What you will do =
Leaving out every image, restate all the records word for word.

Data records =
+++++

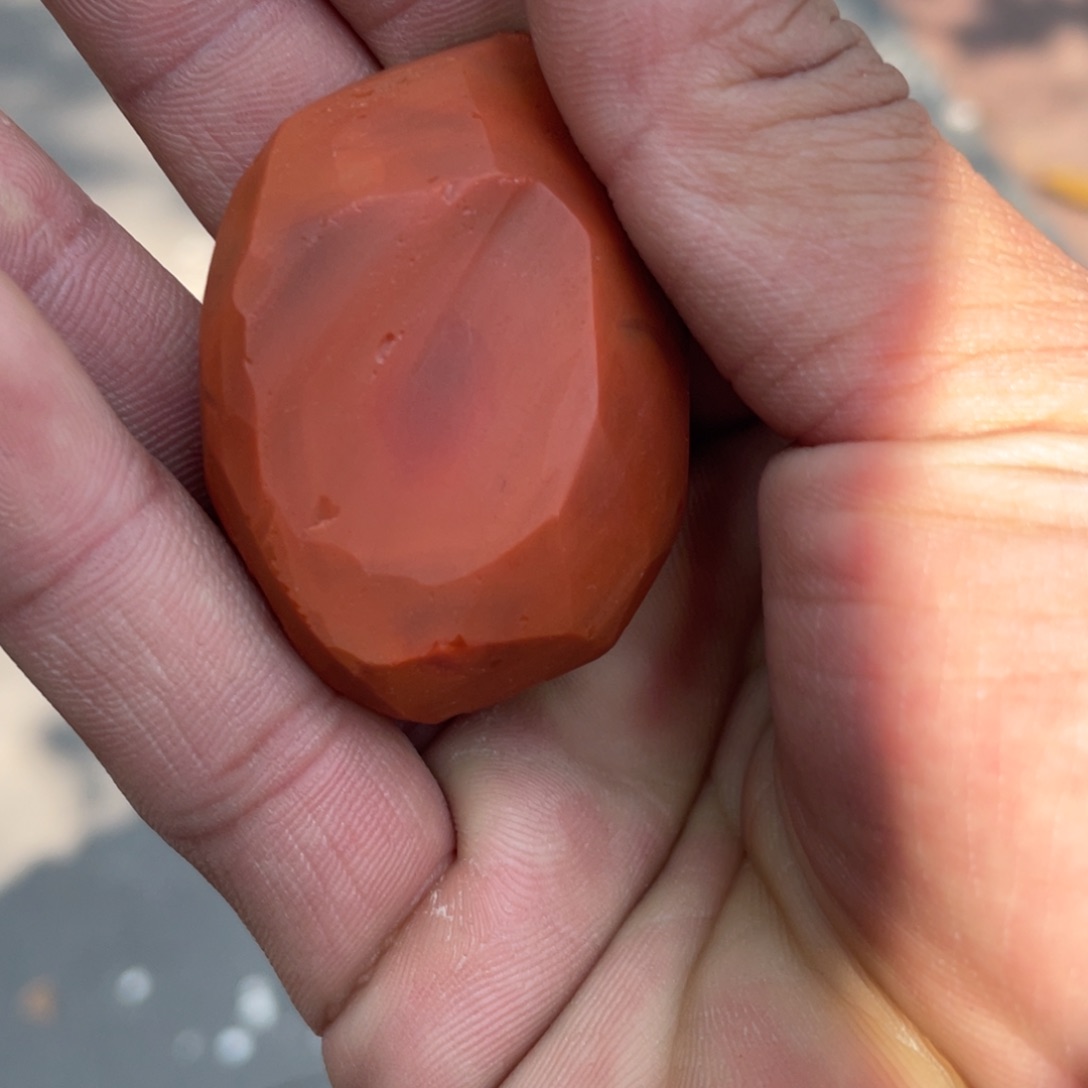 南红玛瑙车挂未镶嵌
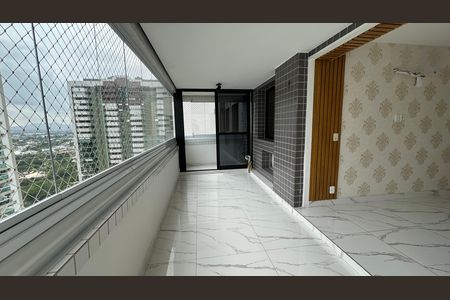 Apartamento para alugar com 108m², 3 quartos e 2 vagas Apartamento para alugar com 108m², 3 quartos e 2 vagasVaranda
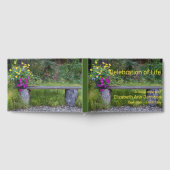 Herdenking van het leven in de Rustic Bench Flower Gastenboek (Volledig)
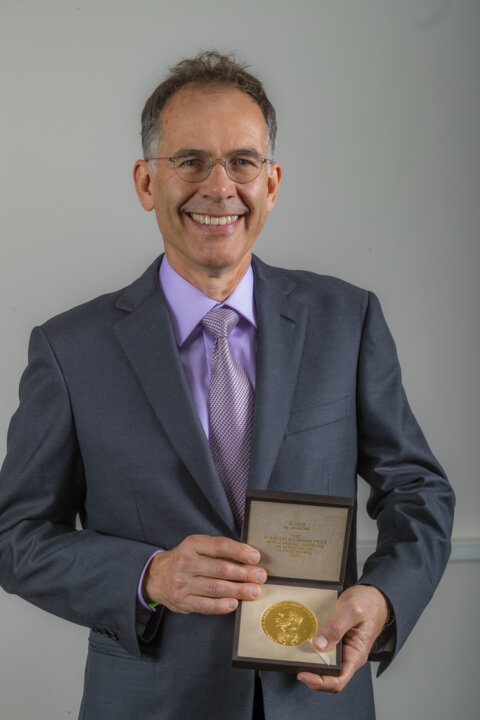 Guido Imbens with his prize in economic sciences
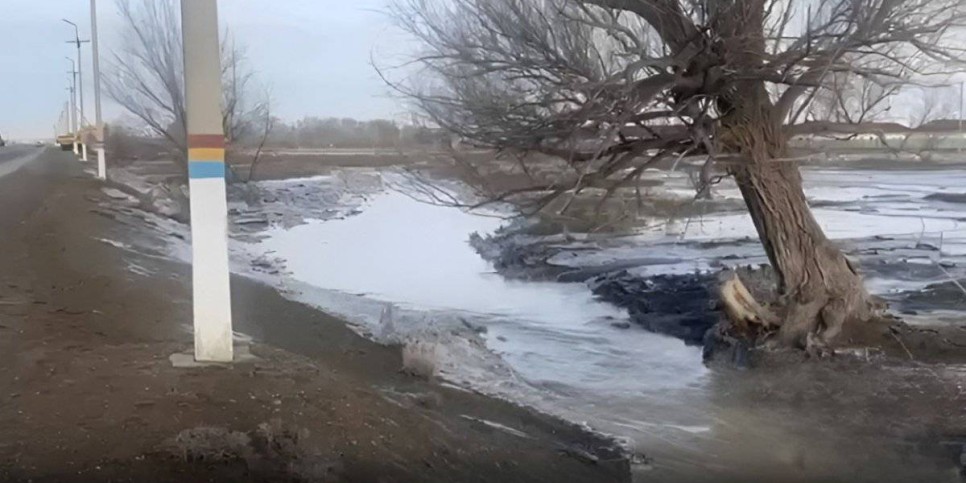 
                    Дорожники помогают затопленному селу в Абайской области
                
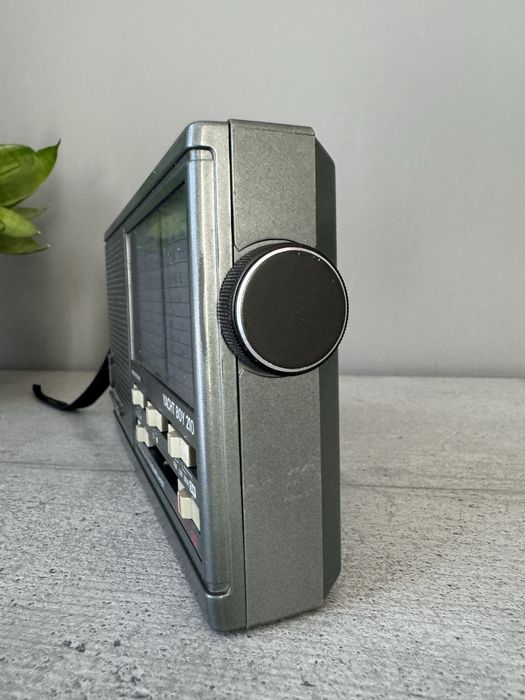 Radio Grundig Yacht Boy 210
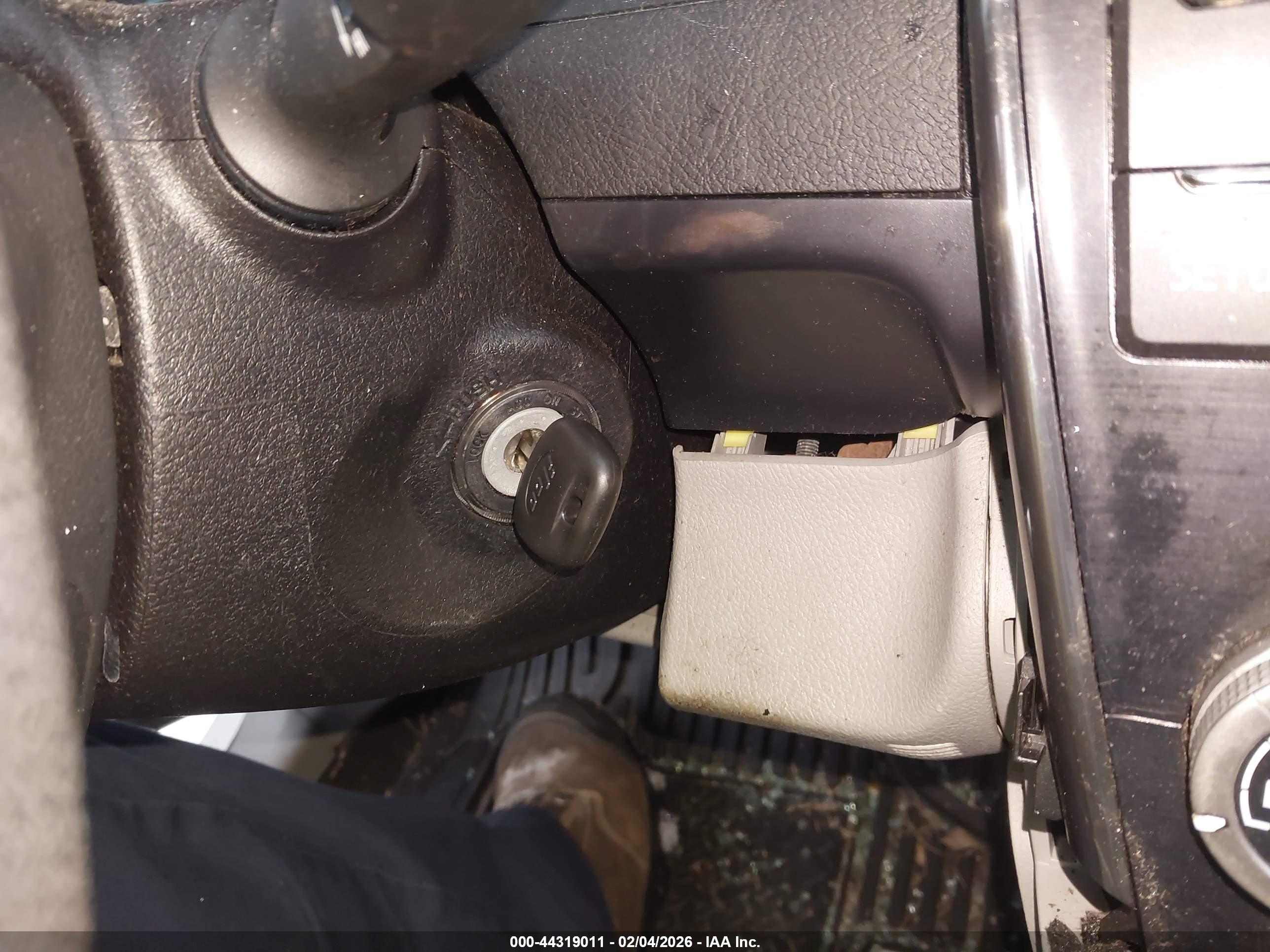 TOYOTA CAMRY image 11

+++++

Result =
 南红玛瑙车挂未镶嵌
 Apartamento para alugar com 108m², 3 quartos e 2 vagas Apartamento para alugar com 108m², 3 quartos e 2 vagasVaranda
 Herdenking van het leven in de Rustic Bench Flower Gastenboek (Volledig)
 Guido Imbens with his prize in economic sciences
                    Дорожники помогают затопленному селу в Абайской области
                
 Radio Grundig Yacht Boy 210
 TOYOTA CAMRY image 11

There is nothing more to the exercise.